Gdy dotarliśmy do Kazimierza, mnie i moich kolegów pozytywnie zaskoczył hotel. Warunki były bajeczne. Oprócz nauki była też rozrywka. Po południu spacerowaliśmy wzdłuż Bulwaru Nadwiślańskiego, chodziliśmy po Rynku w Kazimierzu, kupowaliśmy pamiątki. Cały wieczór spędziliśmy miło i przyjemnie.

Drugiego dnia (niestety ostatniego) przed południem pojechaliśmy kilka kilometrów od Kazimierza na wzgórze w Mięćmierzu, skąd mieliśmy dobry widok na Wisłę. Tam nasi prowadzący mówili m.in. o powodziach i zapobieganiu im. Opowiadali również o lodowcach.

Zaskoczył nas niespodziewany gość. Był to artysta malarz mieszkający w pobliskiej wsi. Opowiedział nam o tym, że jeszcze 800 lat temu centralnie obok nas stał totem jednego ze słowiańskich bogów. Bardzo nas zaciekawił ten temat i pilnie słuchaliśmy jego opowieści.

Po południu podzieliliśmy się na 3 grupy: bodziaki, gołębie oraz grupę dziewcząt. Każdy zespół miał jednego opiekuna oraz GPS. Naszym zadaniem było dojść do punktów , których było 5 i odgadnąć hasło. Zabawa była super!

Wróciłem zmęczony, ale szczęśliwy. Moim zdaniem, warto jeździć na tego typu projekty. Oby w naszej szkole było ich więcej.

Marcin Bicz


 

Na wycieczce podobały mi się wąwozy, lepienie z lessu, mierzenie gleby, gra terenowa  z GPS-em po Rynku w Kazimierzu Dolnym. Zapoznałem  się z różnymi rodzajami  gleb, np. z glebą brunatną, bielicową, płową oraz czarnoziemem.

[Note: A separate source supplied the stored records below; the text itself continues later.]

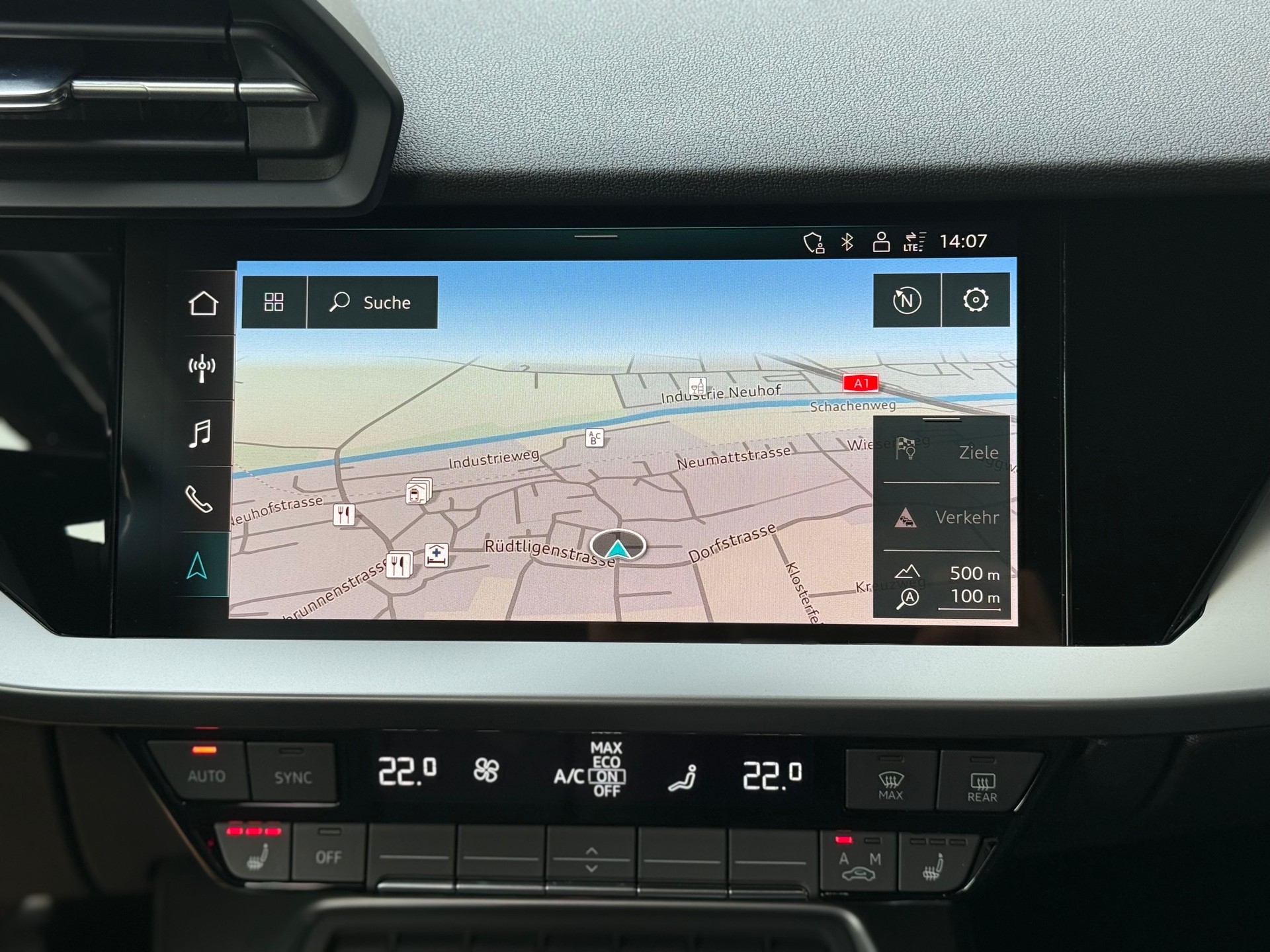 AUDI A3 Sportback 35 TFSI S line S-tronic °° 5 Jahre / 100'000 KM Audi-Garantie °°-image-19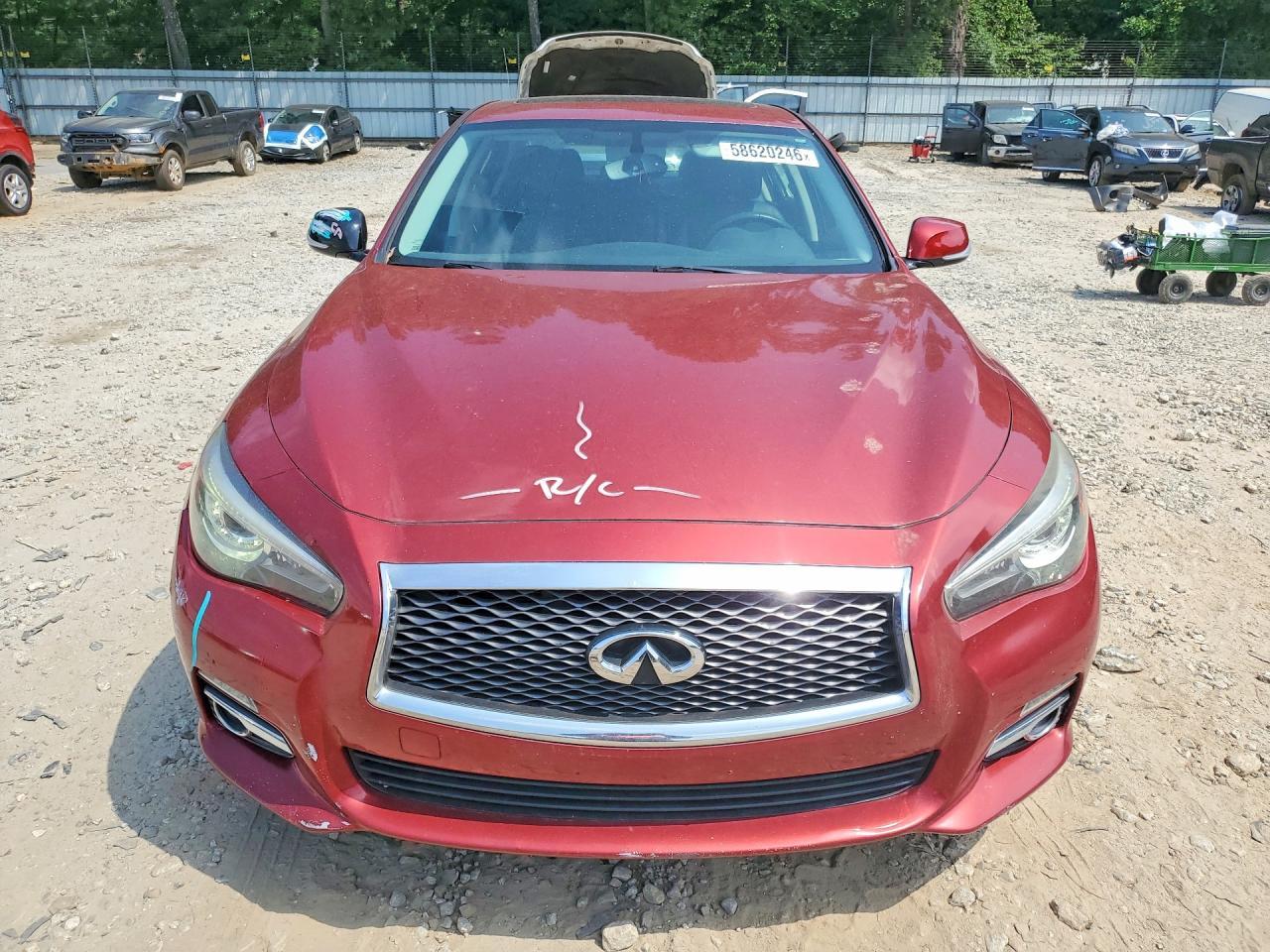 2016 INFINITI Q50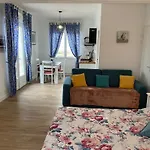 فندق مبيت وإفطار La Port Winston - Face & 4*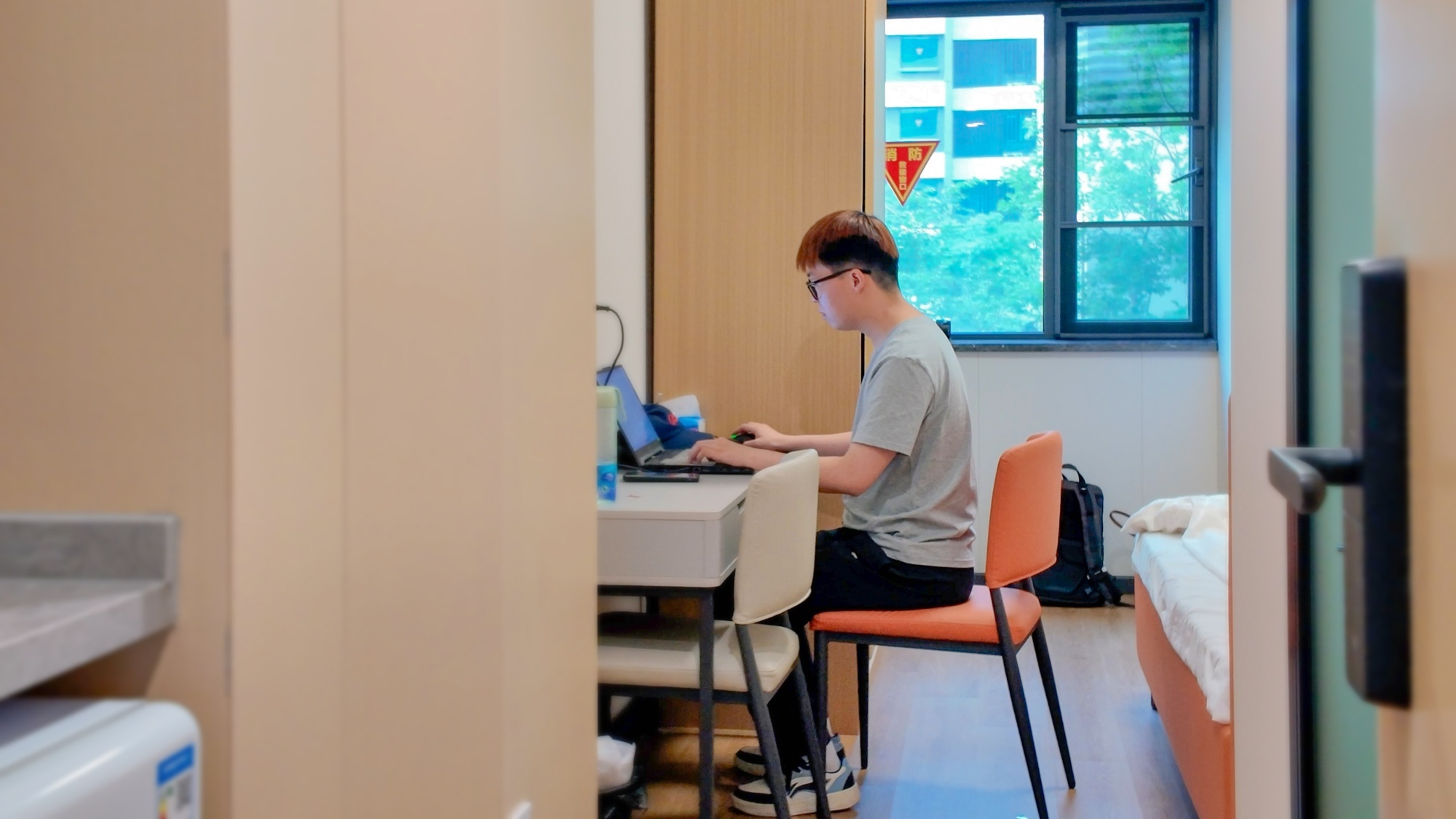 求职青年在驿站里上网、投递简历(央广网记者 俞烨 摄)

Moim zdaniem, powinno być takich wycieczek więcej, bardzo mi się takie zajęcia podobają. Poleciłem moim kolegom i zachęciłem  ich do udziału w przyszłości,  gdy będzie taka możliwość.

Kacper Pawłowski


 

Oba wyjazdy były atrakcyjne ponieważ:

- panowała tam miła atmosfera,

- dużo się nauczyłem i nie sądziłem, że temat gleby może być aż taki ciekawy.

W pamięci najbardziej utkwił mi fragment zajęć o właściwościach sorpcyjnych gleb i myślę, że gdybym sięgnął po książkę na ten temat, na pewno nie zdobyłbym takiej wiedzy, jaką posiadam teraz.

Karol Graboś


 

 Wycieczka do Lublina na UMCS była bardzo interesująca. Najbardziej podobało mi się badanie różnych rodzajów gleb. Nauczyłem się, jak wygląda profil gleby. Podczas wycieczki do Kazimierza Dolnego bardzo dobrze się bawiłem mimo deszczowej pogody. Widziałem, jak środowisko i działalność człowieka wpływa na kształtowanie się terenu. Obie wycieczki były bardzo ciekawe i pouczające.